As Congress wrestles over changes to the $10,000 cap on the federal deduction for state and local taxes, known as SALT, many business owners already qualify for a workaround.
Enacted by the Tax Cuts and Jobs Act in 2017, the SALT cap has been a pain point for filers in high-tax states, such as New York and New Jersey. And some lawmakers have been fighting to include a change in the Democrats’ spending plan.
While the House package raises the SALT deduction limit to $80,000 through 2030, negotiations are ongoing in the Senate, with concerns over how to reduce the tax break for the wealthy.
In the meantime, nearly 20 states are offering workarounds for the write-off limit for certain businesses, and others have pending legislation.
Although the IRS and U.S. Department of the Treasury have blocked some individual strategies to bypass the cap, some states have another method for pass-through businesses such as partnerships, S-corporations and some LLCs.

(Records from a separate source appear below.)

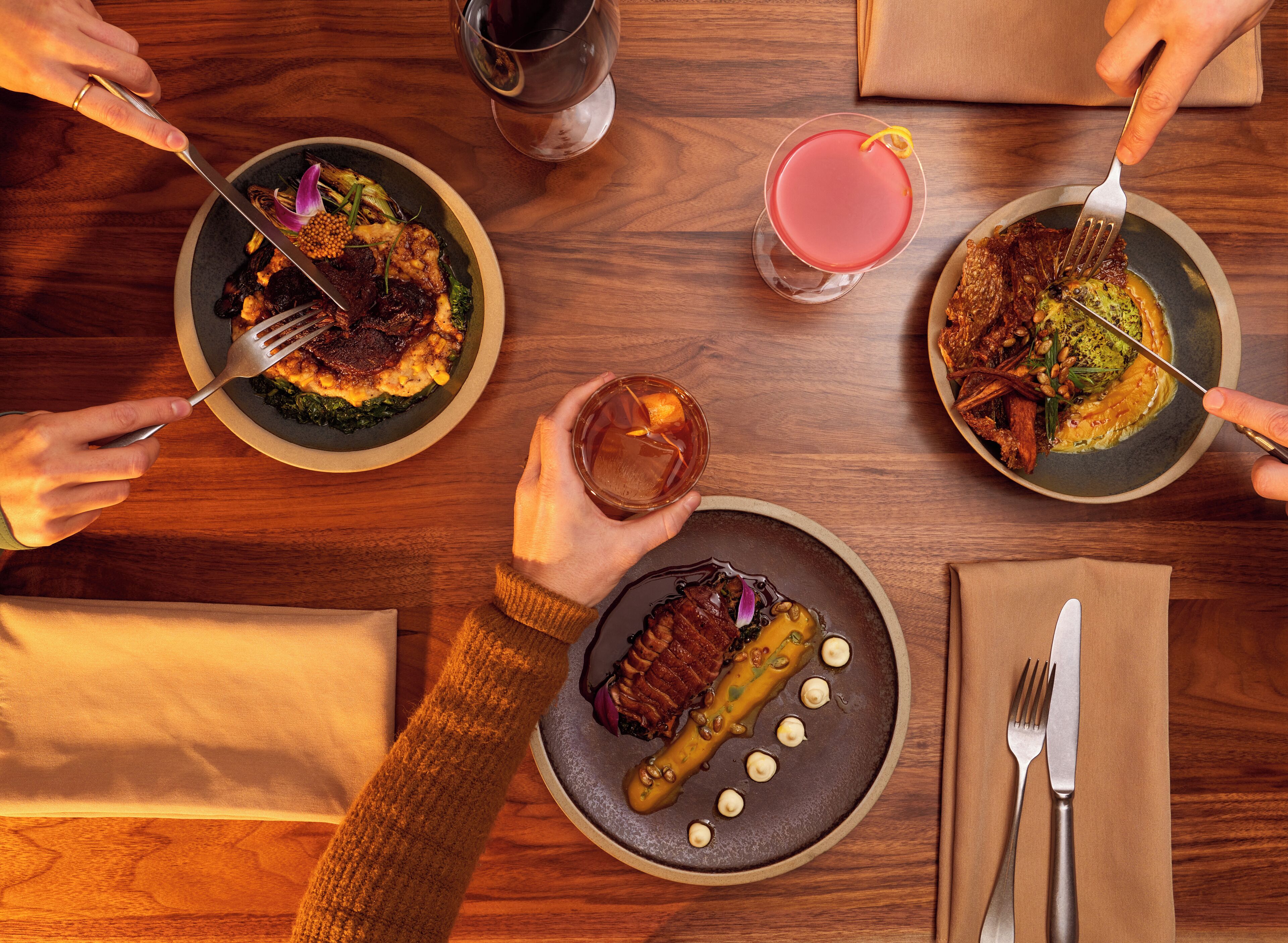 Une table à manger avec des assiettes remplies de nourriture, des couverts et des verres contenant des boissons.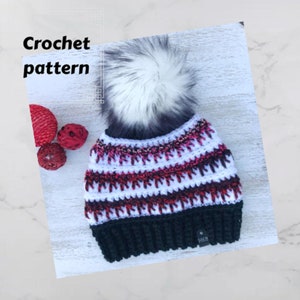 May include: A crochet hat with a white and red striped pattern and a black brim. The hat has a fluffy white pom pom on top. The hat is on a white wooden surface.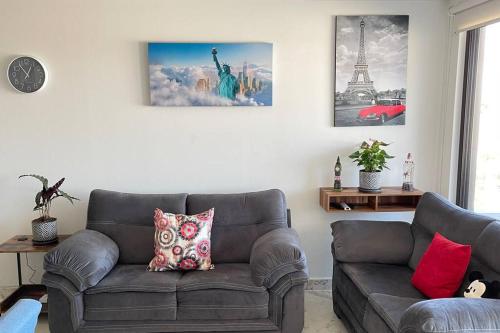 a living room with a gray couch and a picture at nuevo cómodo y amplio departamento 2 albercas in Xochitepec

The IRS issued guidance on these state-level tactics in November 2020, offering the green light to certain businesses.
Nearly 20 states have enacted workarounds, with some effective in 2022 or later, according to the American Institute of CPAs, and there are pending laws in Massachusetts, Michigan, North Carolina, Ohio and Pennsylvania.
While the maneuver may offer tax savings for some business owners, it may not be the right move in all cases, financial experts say.
“The devil’s in the details,” said certified financial planner Sharif Muhammad, founder and CEO of Unlimited Capital Advisors in Somerset, New Jersey.
How the tax on pass-through businesses works
Most U.S. companies are pass-through businesses, with profits flowing to owners’ individual tax returns.
The new bypass typically involves a state levy on these businesses, allowing the company to cover part of the owner’s state income taxes.
The pass-through business typically pays the levy. But while some states allow a deduction at the entity level, others offer a credit for taxes paid.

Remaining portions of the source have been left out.